Elias di kesempatan itu juga menyampaikan ucapan terima kasih kepada Pemerintah Provinsi Papua Barat dalam hal ini mantan Pj Gubernur yang saat ini sebagai Sekda dan juga Gubernur dan Wagub terpilih.
“Tentunya bahwa dari kerja kolaboratif juga kerja maksimal kita semua sehingga output daripada pembiayaan itu yang kemudian kita kelola anggaran Pemilu ataupun Pilkada kita relatif tidak menimbulkan gejolak yang berarti,” imbuhnya.
Elias pun memastikan pihaknya telah bertanggung jawab terhadap pengelolaan anggaran secara baik.
“Intinya kita pastikan bahwa tanggung jawab kami selaku penerima dana telah kami gunakan dan laksanakan tugas serta tanggung jawab Dengan baik. Dan oleh karena itu, kita sudah kembalikan anggaran sisa dimana kami sudah transfer masuk di rekening kas daerah,” tegasnya.

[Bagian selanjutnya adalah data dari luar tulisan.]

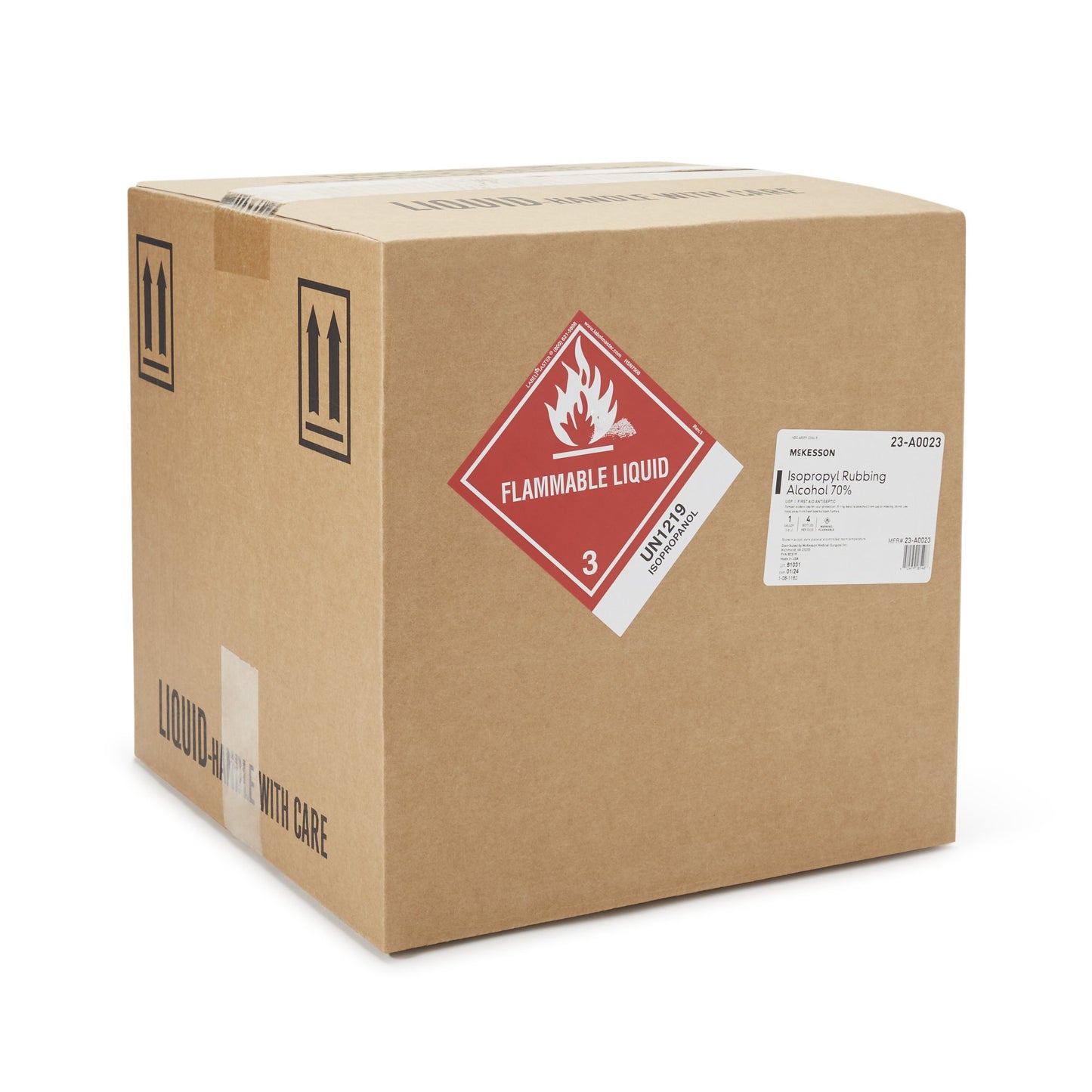 ALCOHOL, ISOPROPYL 70% GALLON (4/CS)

Bawaslu Papua Barat, tambah Elias kini menyiapkan tugas selanjutnya.
“Selanjutnya adalah persoalan pertanggungjawaban kami secara administrasi untuk ke depan kalau ada pemeriksaan dan lain-lain. Saya kira itu yang menjadi tugas kami selanjutnya,” pungkasnya.